The epidemiology of progressive multifocal leukoencephalopathy (PML) has evolved in recent years. Until the availability of natalizumab, PML was seen primarily by physicians who treated patients with human immunodeficiency virus (HIV) infection. This situation changed in 2005 when PML was first associated with natalizumab therapy in patients with multiple sclerosis (MS). This discovery focused attention and investigative resources on the relationship between PML and natalizumab, and subsequently on other biologically based therapies. In the years since, we have learned about the pathogenesis of PML and developed concepts of risk mitigation.

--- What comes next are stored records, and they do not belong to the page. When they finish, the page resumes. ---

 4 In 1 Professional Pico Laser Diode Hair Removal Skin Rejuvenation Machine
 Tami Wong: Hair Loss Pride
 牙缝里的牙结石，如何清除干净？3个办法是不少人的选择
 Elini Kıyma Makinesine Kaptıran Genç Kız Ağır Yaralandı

Increasingly selective, potent, and innovative biologically based immune-based therapeutics have led to enhanced therapeutic options, but also to more surprises, with PML being observed in unexpected patient populations. The MS community and clinicians who routinely use biologic therapies are alert to this disease and its implications for patients. PML remains rare enough, however, that community-based clinicians may be less attuned to the impact and risks of these therapies.

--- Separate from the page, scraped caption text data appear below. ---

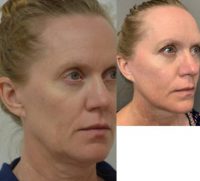 45-54 year old woman treated with MACS Facelift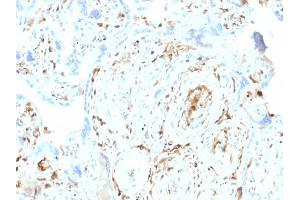 Immunohistochemistry (IHC) image for anti-S100 Calcium Binding Protein A2 (S100A2) antibody (ABIN6940540)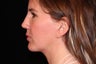 40 Year Old Female Cheek and Neck Lift and Chin Implant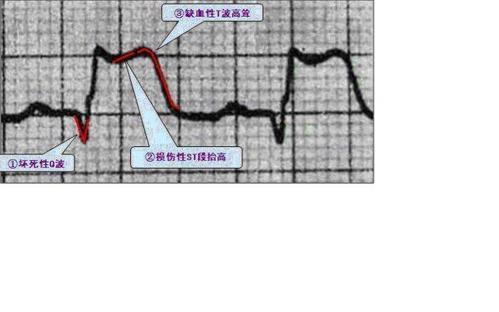 临床心电图:st段抬高的常见病因分析及处理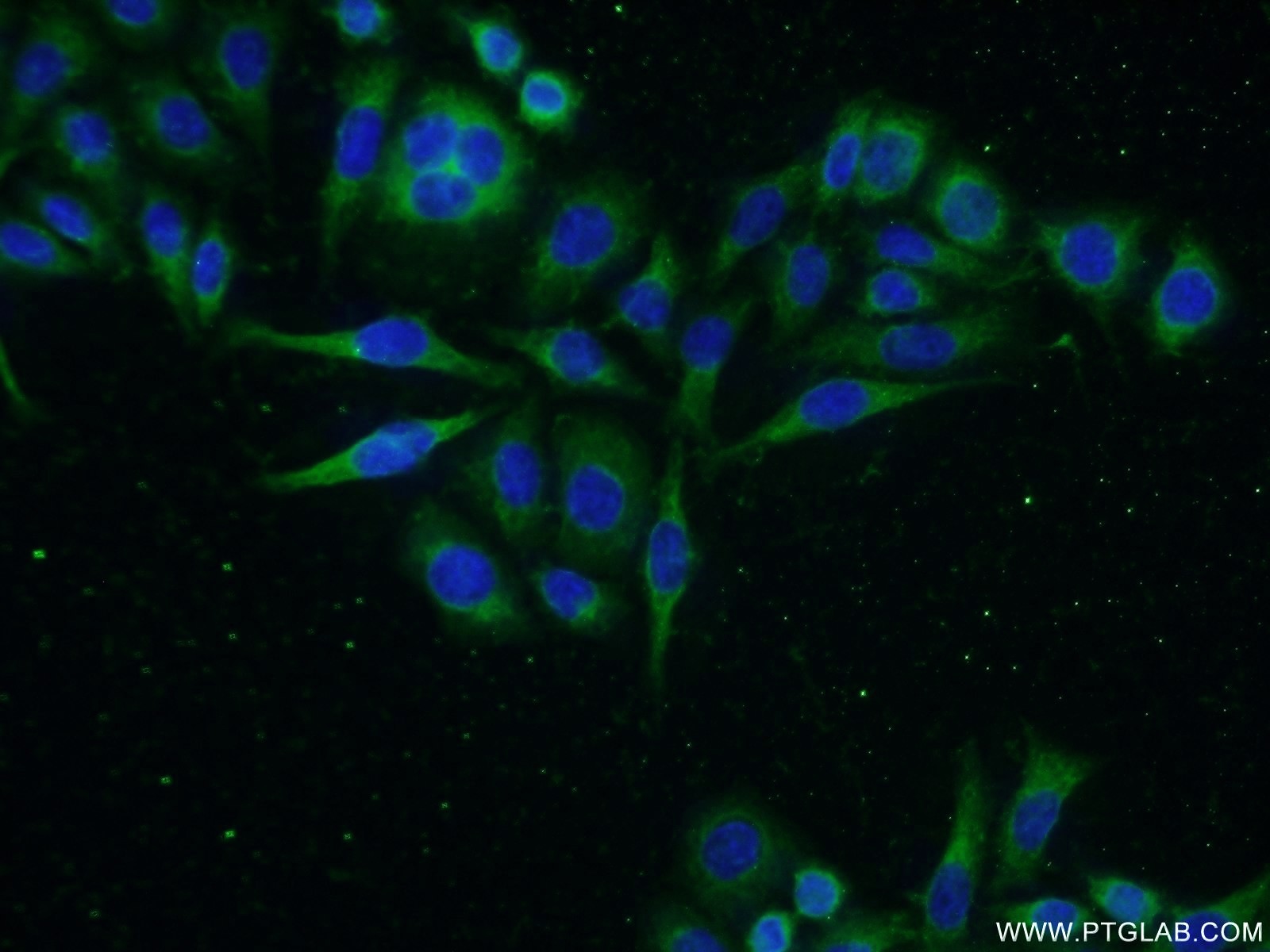 Immunofluorescence (IF) / fluorescent staining of PC-3 cells using GADD34 Polyclonal antibody (10449-1-AP)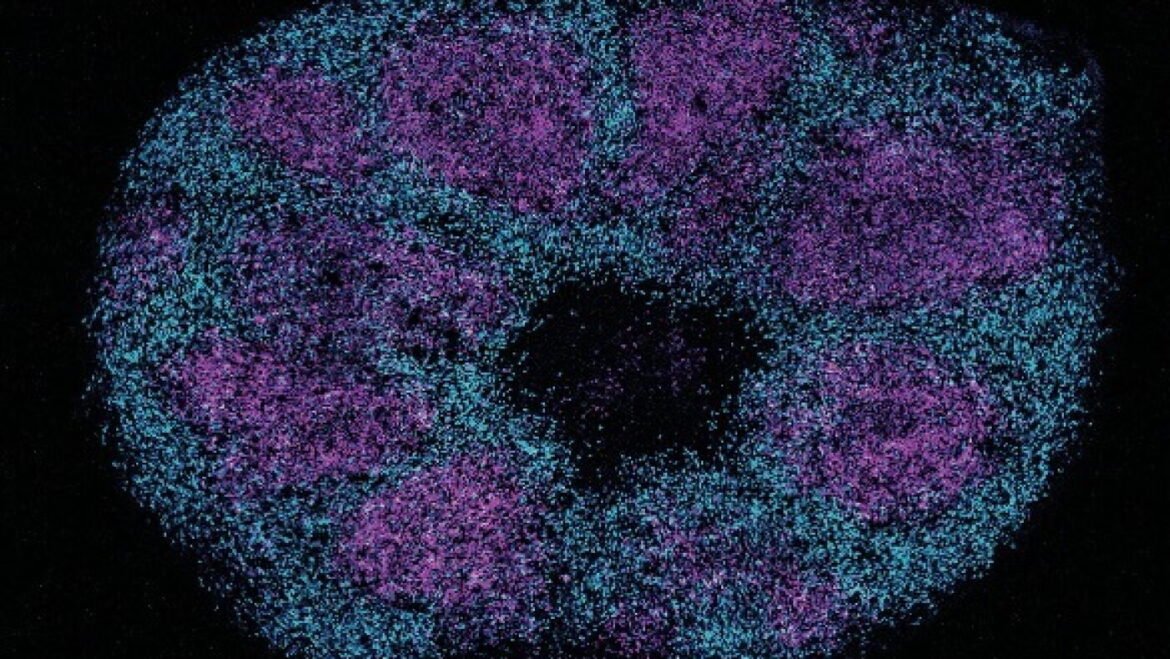 Scientists map key protein interactions linked with profound autism : NPR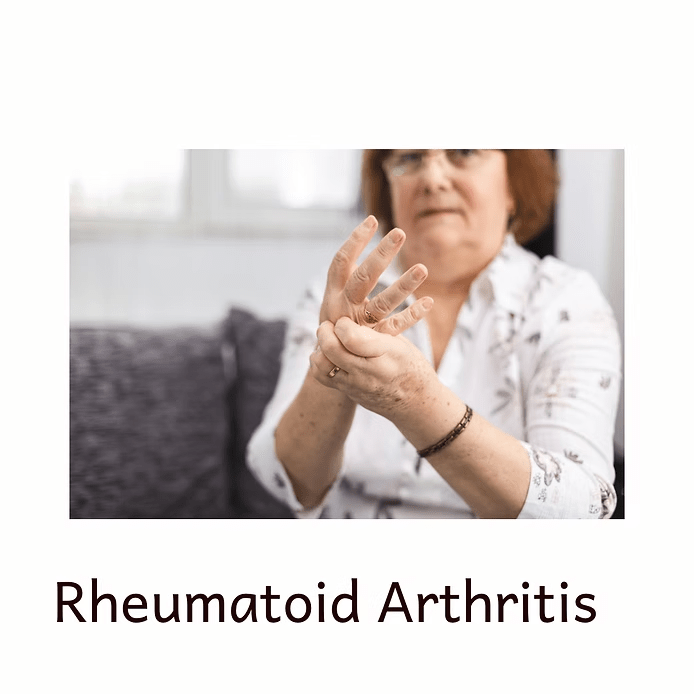 Rheumatoid Arthritis -brief overview 1 image 44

This Cleveland Clinic Journal of Medicine supplement addresses the issues of awareness, recognition, and management of PML for clinicians whose patients may be at risk, including those in the fields of infectious disease, neurology, oncology, and rheumatology. The supplement provides an overview of the pathogenesis and clinical picture of PML, its evolving epidemiology, and the current approaches to its management.

The articles and their accompanying discussions are based on a roundtable held at Cleveland Clinic on January 31, 2011. The roundtable’s expert faculty contributed insights from several different perspectives, including laboratory research on JC virus–induced demyelinization in PML; front-line experience starting in the early 1980s when PML was understood to be an HIV-related disease and continuing to its current status as a potential complication of biologic therapy; and management of a large pharmaceutical safety program that monitors and facilitates reporting of potential fatal drug side effects.

Readers of these articles will acquire understanding of the history and clinical picture of PML, appreciation of the influence of biologic therapies in several specialties, and enhanced awareness of when to consider PML and what actions to take when the diagnosis is a possibility.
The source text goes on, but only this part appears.